* [EXERCISE AIM]: Before anything else, drop the pictures; then return exactly the lines from the top of the listing through the line with "The new pump".

* [RECORDS SHOWN]:
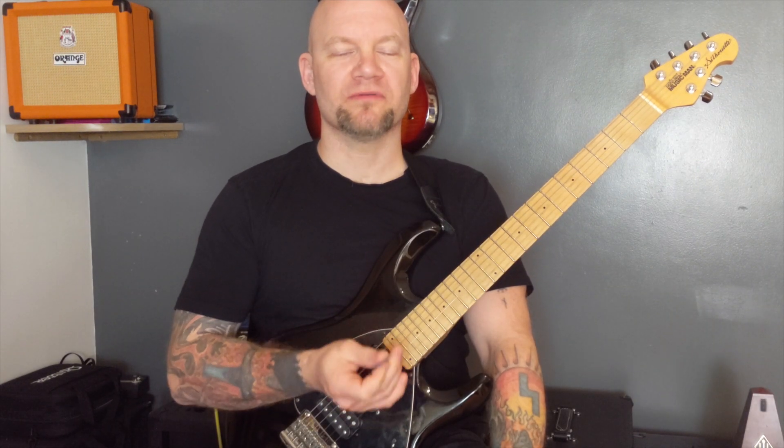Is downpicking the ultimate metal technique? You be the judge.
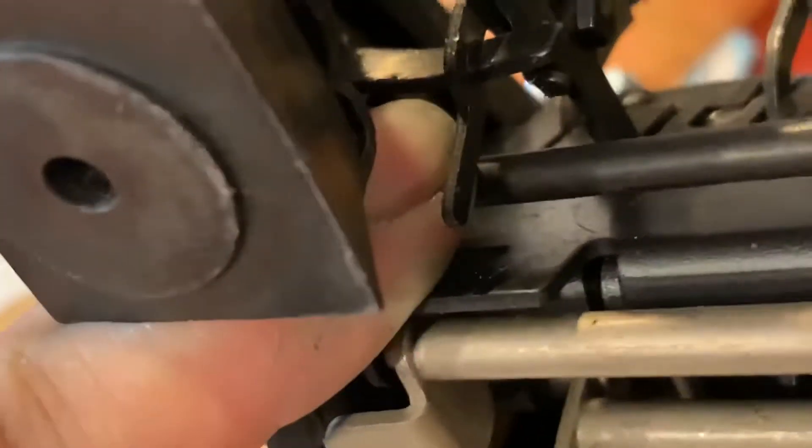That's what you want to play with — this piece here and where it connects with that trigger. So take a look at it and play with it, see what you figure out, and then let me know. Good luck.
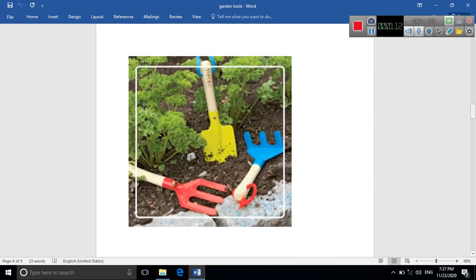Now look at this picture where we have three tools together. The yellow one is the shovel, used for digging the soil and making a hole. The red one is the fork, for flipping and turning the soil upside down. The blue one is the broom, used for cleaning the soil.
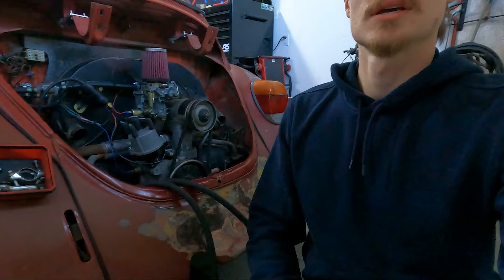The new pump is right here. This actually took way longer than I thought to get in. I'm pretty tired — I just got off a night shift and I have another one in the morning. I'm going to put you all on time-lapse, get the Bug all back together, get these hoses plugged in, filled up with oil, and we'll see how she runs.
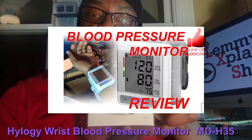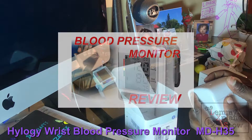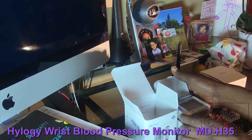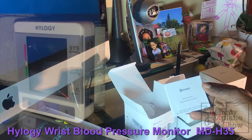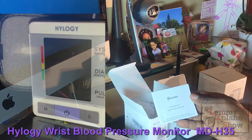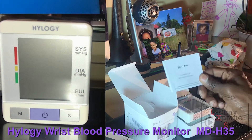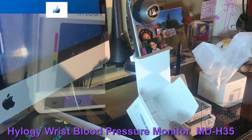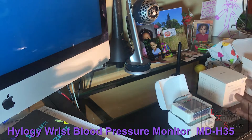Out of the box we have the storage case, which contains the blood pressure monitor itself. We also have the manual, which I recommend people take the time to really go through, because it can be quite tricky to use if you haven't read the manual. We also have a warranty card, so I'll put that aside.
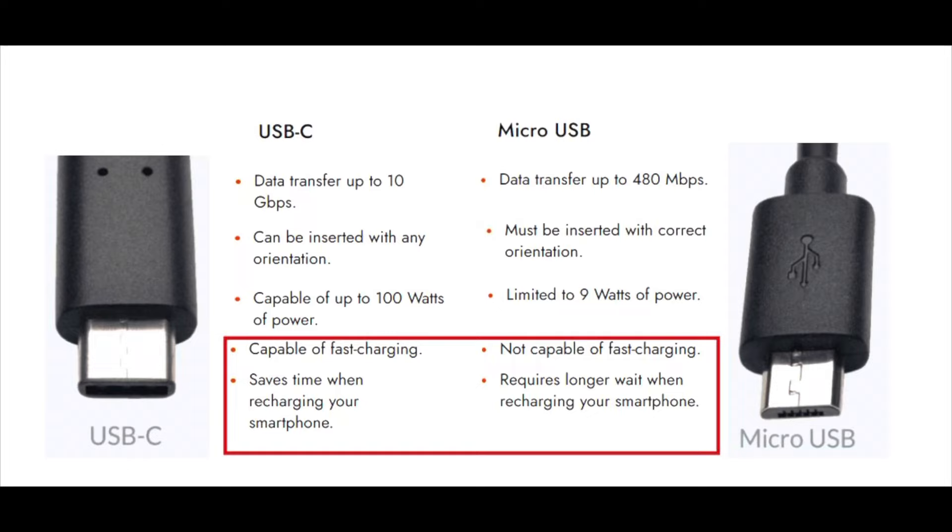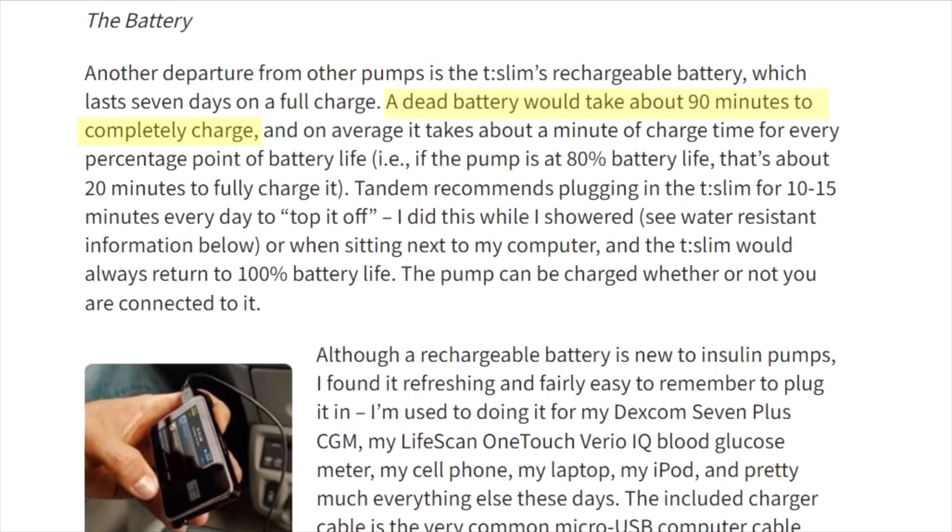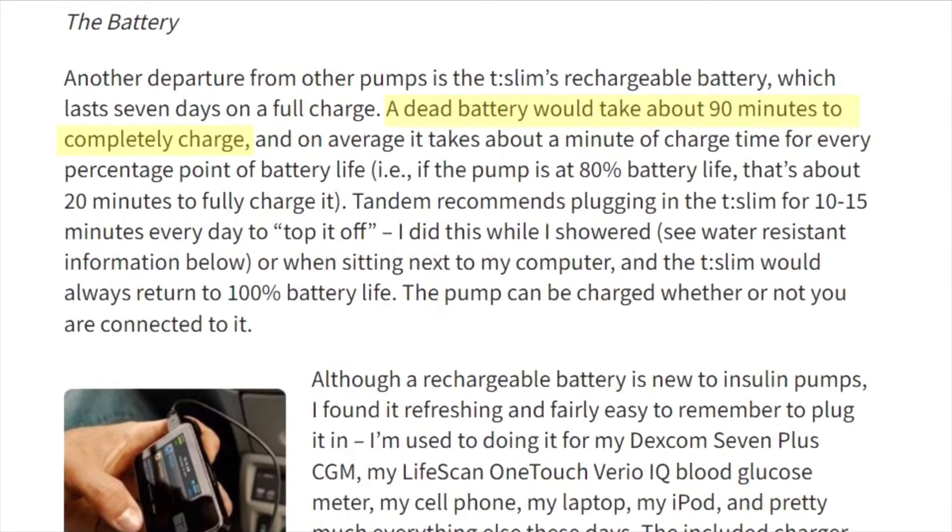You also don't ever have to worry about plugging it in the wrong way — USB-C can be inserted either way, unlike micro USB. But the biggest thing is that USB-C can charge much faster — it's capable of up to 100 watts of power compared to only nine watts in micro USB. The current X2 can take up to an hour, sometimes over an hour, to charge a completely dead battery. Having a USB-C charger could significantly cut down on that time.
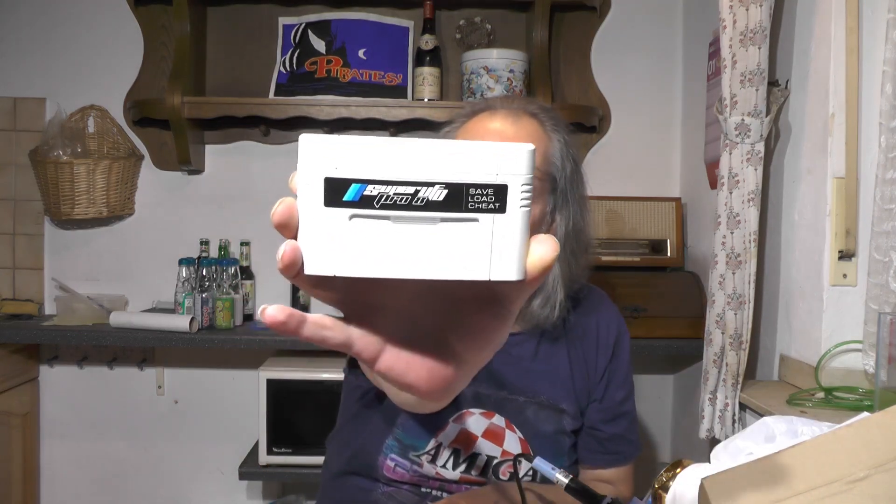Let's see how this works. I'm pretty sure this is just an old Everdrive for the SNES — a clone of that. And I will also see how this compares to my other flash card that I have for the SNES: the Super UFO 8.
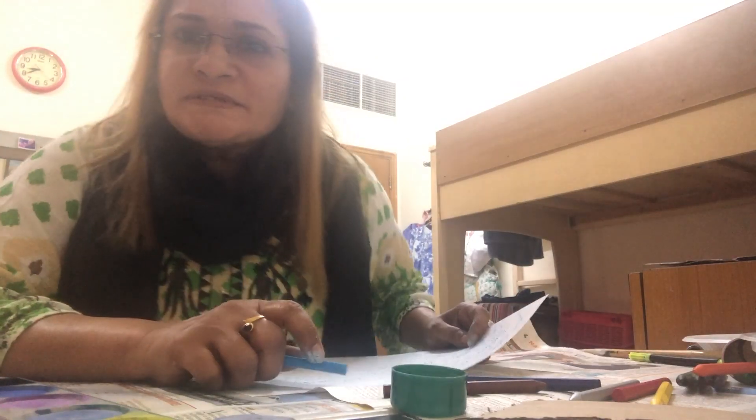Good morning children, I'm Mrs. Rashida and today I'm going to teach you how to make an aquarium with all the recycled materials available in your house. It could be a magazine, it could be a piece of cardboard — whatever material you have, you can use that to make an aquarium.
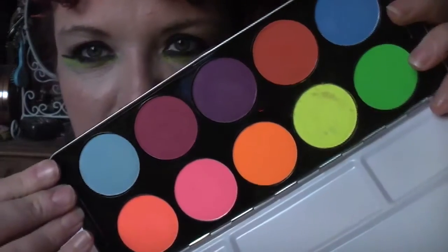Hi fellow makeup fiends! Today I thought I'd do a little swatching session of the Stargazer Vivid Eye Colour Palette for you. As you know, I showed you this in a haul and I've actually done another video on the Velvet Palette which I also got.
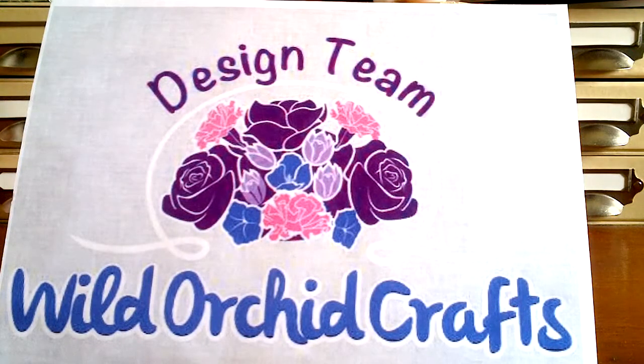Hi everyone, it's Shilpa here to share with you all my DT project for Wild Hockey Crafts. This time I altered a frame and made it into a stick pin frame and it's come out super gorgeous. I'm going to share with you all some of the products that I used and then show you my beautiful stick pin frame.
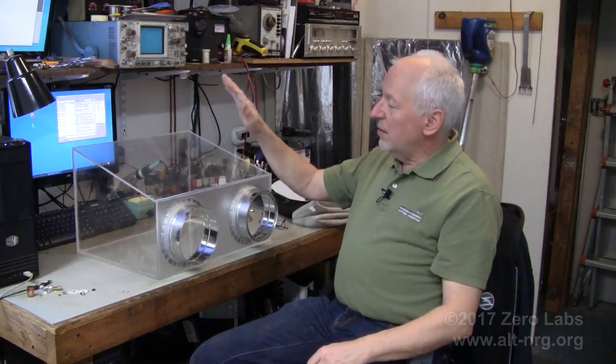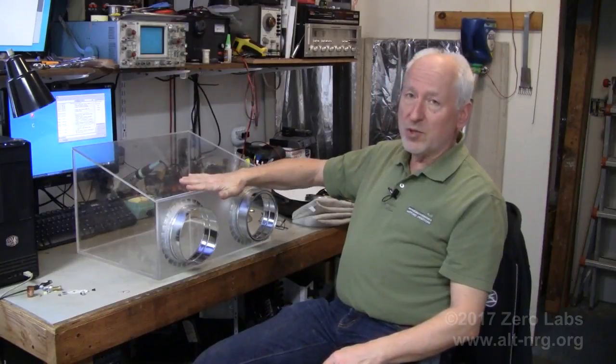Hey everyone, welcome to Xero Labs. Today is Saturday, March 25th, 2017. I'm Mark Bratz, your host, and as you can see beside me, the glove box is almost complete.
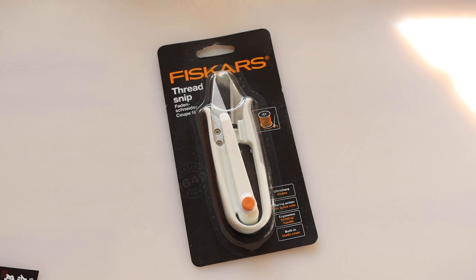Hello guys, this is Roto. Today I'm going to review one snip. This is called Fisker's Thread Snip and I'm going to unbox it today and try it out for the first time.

* [SOLUTION TO THIS EXERCISE]:
Is downpicking the ultimate metal technique? You be the judge.
That's what you want to play with — this piece here and where it connects with that trigger. So take a look at it and play with it, see what you figure out, and then let me know. Good luck.
Now look at this picture where we have three tools together. The yellow one is the shovel, used for digging the soil and making a hole. The red one is the fork, for flipping and turning the soil upside down. The blue one is the broom, used for cleaning the soil.
The new pump is right here. This actually took way longer than I thought to get in. I'm pretty tired — I just got off a night shift and I have another one in the morning. I'm going to put you all on time-lapse, get the Bug all back together, get these hoses plugged in, filled up with oil, and we'll see how she runs.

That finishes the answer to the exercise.